Nov 15, 2012
But I prefer to distinguish anti-Semitism from mere intolerance. Many other groups are subject to prejudice and discrimination. American clubs and schools that formerly excluded Jews also excluded blacks and Asians. Other “middleman minorities,” like Koreans or overseas Chinese, have been attacked as intruders once their welcome ran out. Other peoples have been singled out for “bullying”—a current preoccupation of the Anti-Defamation League. The function of the Jews in international politics is quite different in scale and kind. Anti-Semitism is a political instrument—a strategy, an ideology, sometimes a movement that organizes politics against the Jews.
Thus, at a pivotal stage in the process we call modernization, anti-Semitism became the catchall for a politics of grievance and blame. Democracy, which was just then spreading eastward from England and France toward Romania and Russia, put politics in the hands of the people, and people needed explanations for things that were going wrong and assurances of how they could be improved. Autocratic rulers no less than politicians seeking election now felt obliged to account for hardships, offer remedies for crises, discourage rebellion, and encourage the confidence of populations facing all the anxieties of modernity.
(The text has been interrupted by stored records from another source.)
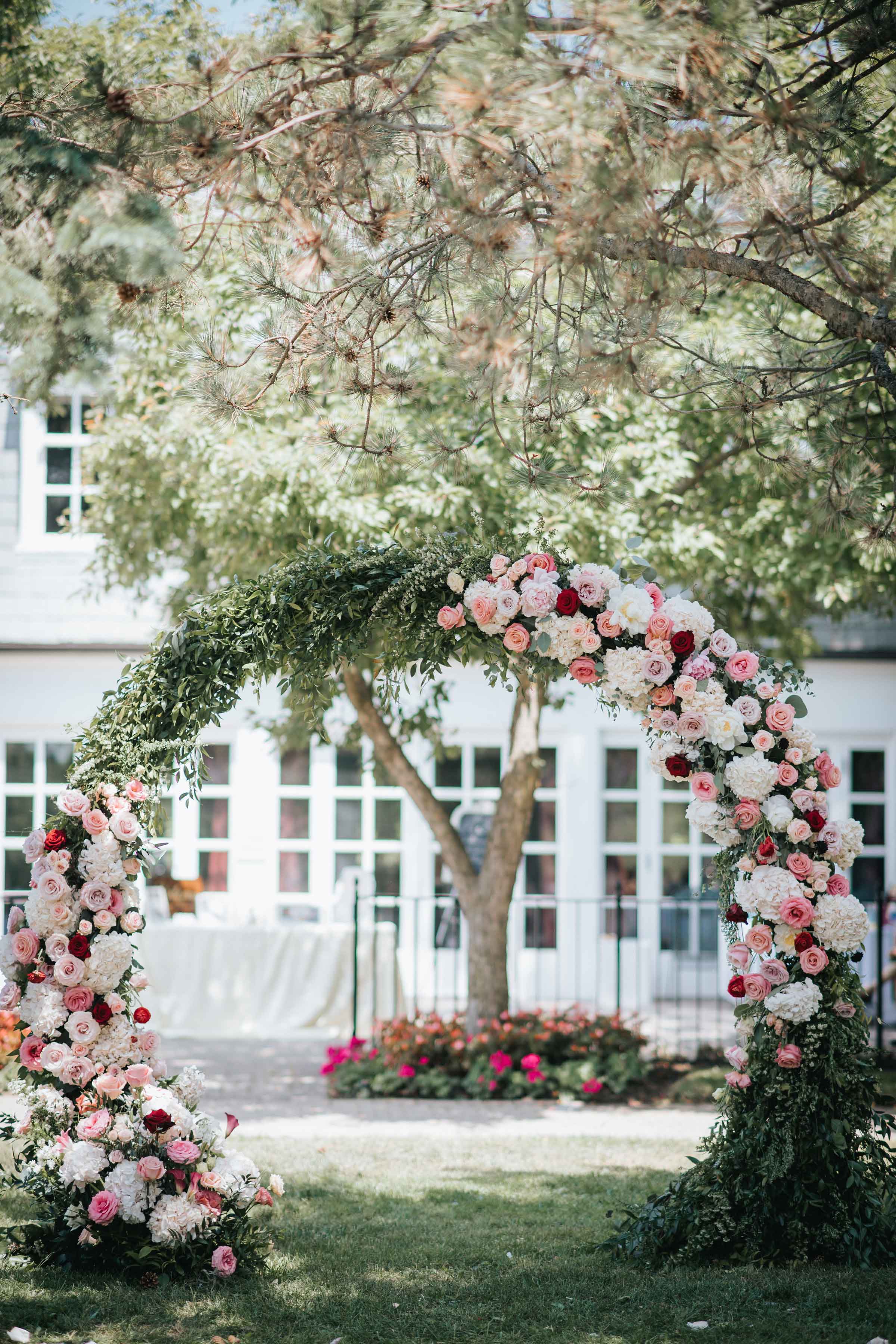 Outdoor floral setting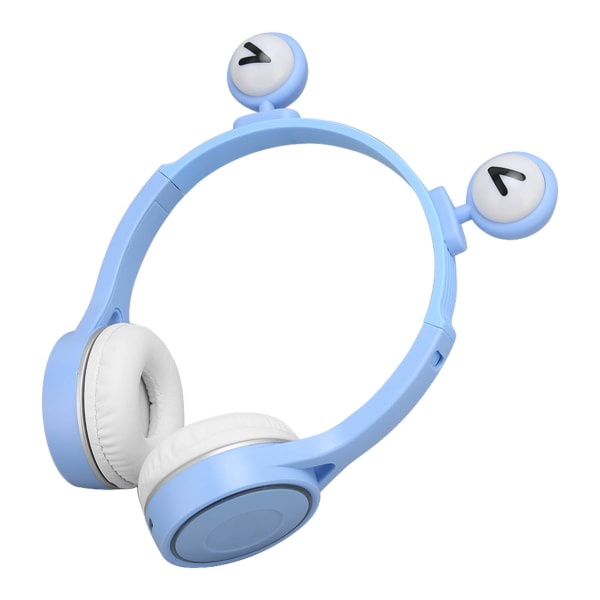 Børne Bluetooth-hovedtelefon Foldbare HiFi Stereo Cartoon Børneheadset med mikrofon og LED-lys til Home Travel School Blå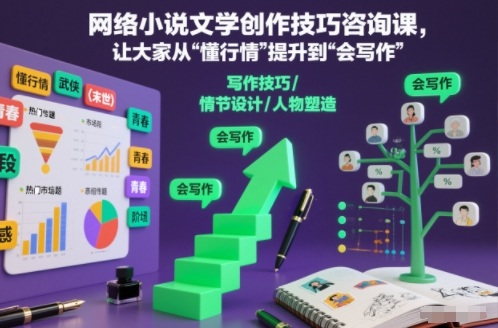 网络小说文学创作技巧咨询课,让大家从“懂行情”提升到”会写作”的高度-阿牛笔记
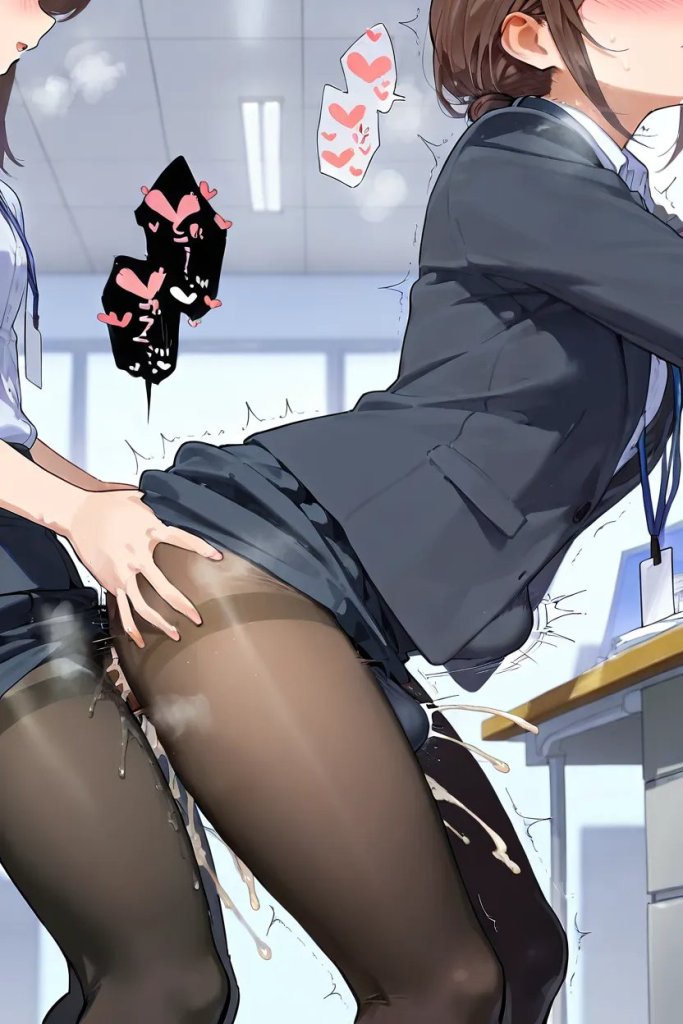 【二次エロ】OLふたなり女子がお射精とまらないエロ画像集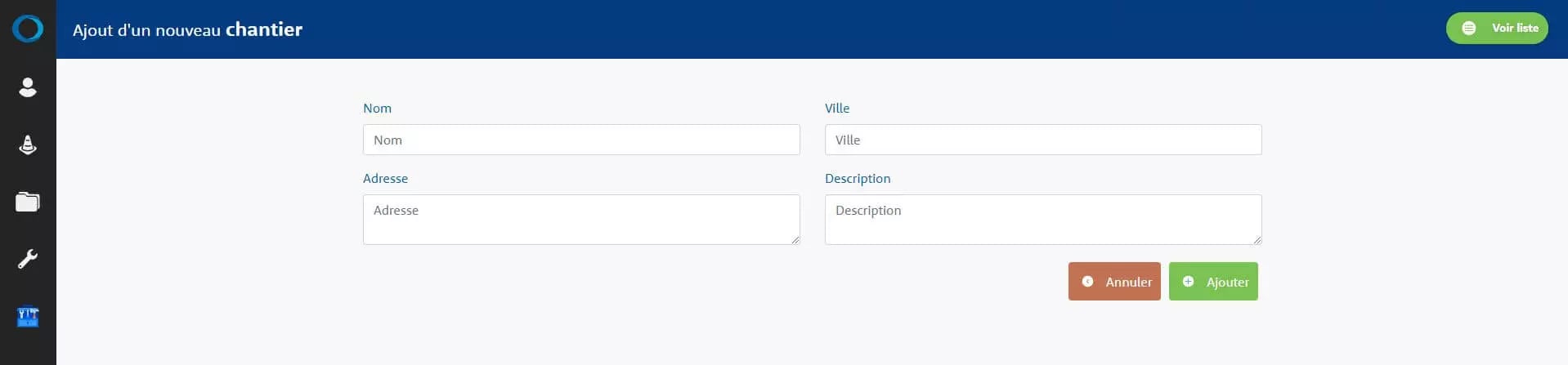 Computer interface in French for adding a new construction site with form fields for site name, address, city, and description
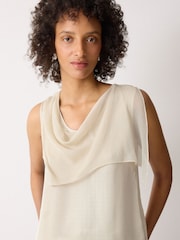 Jigsaw Cream Silk Trim Drape Top - Image 3 of 4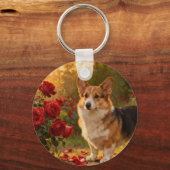 Porte-clés Corgi dans les Roses V (Verso)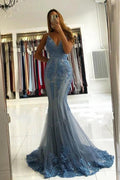 Beautiful Long Mermaid V-neck Appliques Lace Tulle Backless Prom Dress by BIZTUNNEL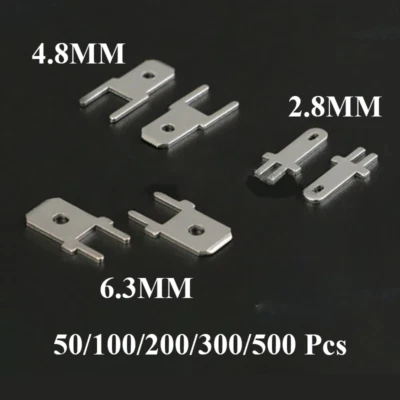 2.8MM/4.8MM/6.3MM Terminals Crimp Connector PCB Male Spade Electrical Wire - Image 1 of 3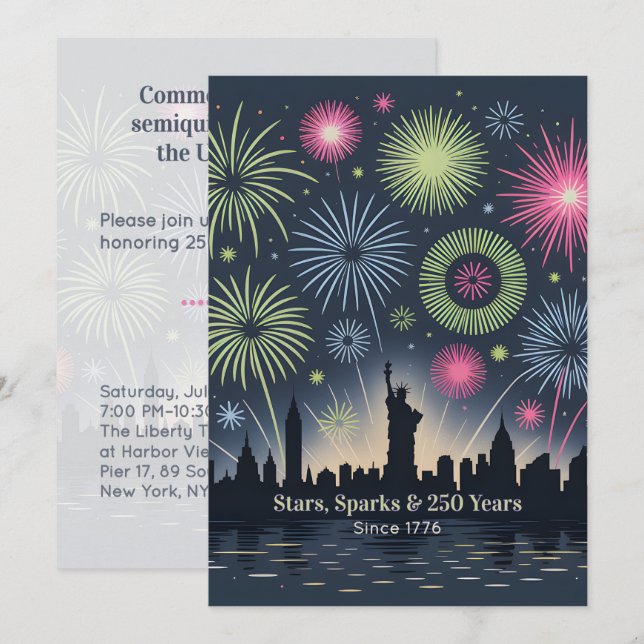 Stars, Sparks & 250 Years New York Celebration Invitation (Front/Back)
Anti-Semitism had such advantages over other political movements that some of those movements, like fascism, nationalism, and communism, incorporated elements of anti-Jewish politics as part of their programs.
From Ruth Wisse’s The Suicidal Passion – Who is damaged more by anti-Semitism- Jews, or those who organize politics against them, in The Weekly Standard 11/21/11
Personally I think the Anti-Defamation League (ADL) weakens its cause when it invokes against hatred in general rather than focusing on anti-Semitism. (I currently sit on the board of the southeast ADL). Anti-Semitism is unique, unfortunately, and thus requires a different response. By grouping it with other hatreds they dilute their founding mission.
Wisse observes that democracy may have fed the politics of anti-Semitism by becoming a tool to appeal to populist masses, and by being a convenient crutch for autocratic rulers that were now held accountable to a popular vote. Being a political tool may help explain why anti-Semitism seems to morph throughout history.